I've done a lot of shouting in my lucid dreams, it's so liberating!  (When I first became lucid, I did this as an exercise to gain confidence in my dream realm, because for some reason, starting out, I used to be afraid that people could hear me in the real world)

But I don't think I've ever shouted my own name...I usually only shout names to call other people into my dream...I wonder if by calling my own name, I can call myself...

...I've had dreams with myself before...it's really, really weird....

----------


## dreamtamer007

In a book by Stephen LaBerge he states that in the past it was a popular belief that you could not say your name without waking up. So I hope more then one person tells if they were able to continue their lucid dream after shouting their name.

----------


## :D

Yay! I had a Lucid dream last night...and I yelled out my name several times....Nothing really happened and it just echoed a lot. But I had a LD anyway...YAY ME!  ::D:   ::tongue::

----------


## Placebo

> _Originally posted by dreamtamer007_
> *In a book by Stephen LaBerge he states that in the past it was a popular belief that you could not say your name without waking up. So I hope more then one person tells if they were able to continue their lucid dream after shouting their name.*



I already did. The dream continued long enough for me to shout my name a couple of times, with random results.

----------


## :D

Er...how random? Lol. I shouted my name several times, but I only heard an echo of what I said. >_>

----------


## Seeker

> _Originally posted by dreamtamer007_
> *In a book by Stephen LaBerge he states that in the past it was a popular belief that you could not say your name without waking up. So I hope more then one person tells if they were able to continue their lucid dream after shouting their name.*



Interesting, My dream continued after shouting my name as well.  I guess we have busted that myth, eh?

----------


## Matchbook

Last night I was finally able to do this.  I've had several lucid dreams in the past few days but for some reason I couldn't seem to remember to do this.  I had about 10 lucids last night and kept forgetting, even though I reminded myself each time I woke up.
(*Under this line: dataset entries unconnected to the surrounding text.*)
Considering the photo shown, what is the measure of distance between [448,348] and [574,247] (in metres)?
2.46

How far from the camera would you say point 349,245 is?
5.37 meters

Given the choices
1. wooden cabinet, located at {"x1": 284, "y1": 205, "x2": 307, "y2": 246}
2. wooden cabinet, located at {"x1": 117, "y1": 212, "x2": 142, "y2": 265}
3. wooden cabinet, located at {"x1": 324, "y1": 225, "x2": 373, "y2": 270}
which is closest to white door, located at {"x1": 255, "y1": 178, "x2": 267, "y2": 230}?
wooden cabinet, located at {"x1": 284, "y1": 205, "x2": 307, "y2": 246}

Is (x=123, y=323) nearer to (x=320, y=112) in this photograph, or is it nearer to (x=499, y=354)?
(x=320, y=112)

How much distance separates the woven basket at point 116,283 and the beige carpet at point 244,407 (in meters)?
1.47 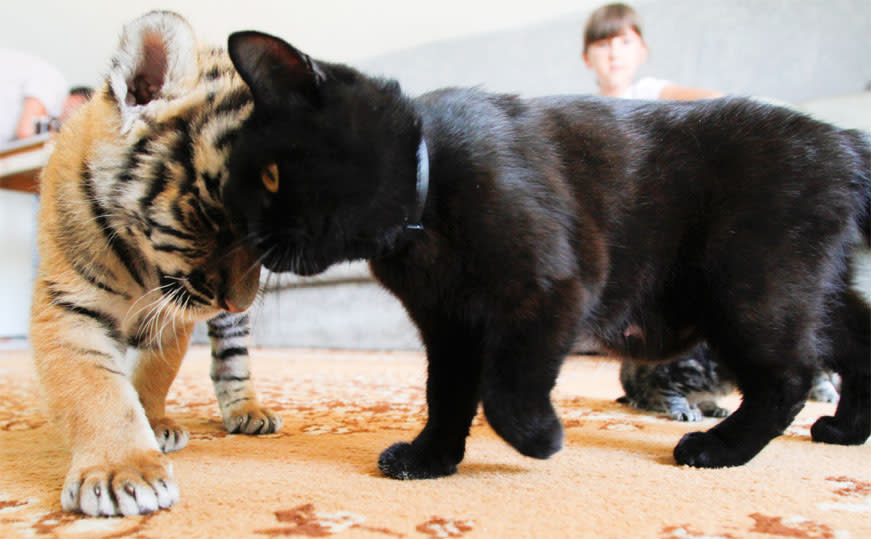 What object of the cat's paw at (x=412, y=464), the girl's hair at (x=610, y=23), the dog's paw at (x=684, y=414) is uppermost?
the girl's hair at (x=610, y=23)

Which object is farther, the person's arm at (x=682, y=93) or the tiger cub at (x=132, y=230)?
the person's arm at (x=682, y=93)

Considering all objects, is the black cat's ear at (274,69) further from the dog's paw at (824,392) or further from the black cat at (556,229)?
the dog's paw at (824,392)

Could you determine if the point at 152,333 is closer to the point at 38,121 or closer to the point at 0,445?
the point at 0,445

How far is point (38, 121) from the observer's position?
3.93m

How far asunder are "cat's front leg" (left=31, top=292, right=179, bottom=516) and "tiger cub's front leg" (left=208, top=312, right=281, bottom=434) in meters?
0.38

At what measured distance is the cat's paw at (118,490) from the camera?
806 mm

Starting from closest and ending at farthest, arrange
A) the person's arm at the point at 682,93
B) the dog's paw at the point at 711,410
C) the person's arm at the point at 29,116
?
1. the dog's paw at the point at 711,410
2. the person's arm at the point at 682,93
3. the person's arm at the point at 29,116

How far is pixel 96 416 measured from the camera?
0.92 meters

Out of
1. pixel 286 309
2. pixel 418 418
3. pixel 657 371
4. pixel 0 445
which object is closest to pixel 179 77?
pixel 0 445

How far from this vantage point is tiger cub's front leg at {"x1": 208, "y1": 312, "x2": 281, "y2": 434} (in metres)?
1.41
Anyway I finally remembered.  I was flying up in the air and remembered what to do and yelled "I am Matchbook!".  There were people down below and a couple of them looked my way, otherwise nothing happened.  I yelled it again, and I noticed an acquaintance of mine below and he said something but I couldn't understand it.  I said "what did you say?" He said it again but I still couldn't hear.  I asked him to repeat it but then he started babbling like a goon.  Anyway, my dream continued on from there and lasted a good 15-20 minutes.

I had another LD that night from a WILD.  I was vibrating and was getting tired of waiting for the dream, so I stood up out of my body and found myself in my room.  I had a hard time finding my way out of the house.  I couldn't fly through the walls or the ceiling, it would just keep extending.  But I opened the front door and found an oddly-shaped girl sitting at a table.  I yelled "I am Matchbook".  She looked at me and said in an English accent, "How do you do?"  I don't think I answered her, but I went over and attempted to make advances on her.  She shrank down to the size of a barbie doll and I was frustrated with that.

----------


## Danny

Righto I've been ill lately so I had a nap earlier and this is what happened,

I was in my living room/lounge and i realised i was Lucid, I started levitating around and my sister walked in, I tried convoncing her it was a dream because she is the second most open minded person in my family.

I sais to her I would prove it, so I put my hand through the coffee table without smashing the glass.  My mum grabbed my hand and pushed it away saying I would damage the table, I lots control and got my hand stuck in the glass, felt like having your hand stuck half way in freezing cld water but this was quickly fixed.

I suddenly remembered the lucid task and said to my sister, "wait here I've got to do my thing" saying thing because i knew she wouldnt understand what lucid task of the moneth meant (she wouldn't know if I said it to her now)

I ran outside and shouted,  "I AM DANIEL"  nothing,  I shoUted again "I AM DANIEL" a few people walked by and still nothing, I got bored and shouted "I'M SPARTIKUS" at least I found it funny.  After I did that something felt funny as the sound echo's alot and I was worried that I might have shouted in waking life too and that my mum could come and wake me at any minute.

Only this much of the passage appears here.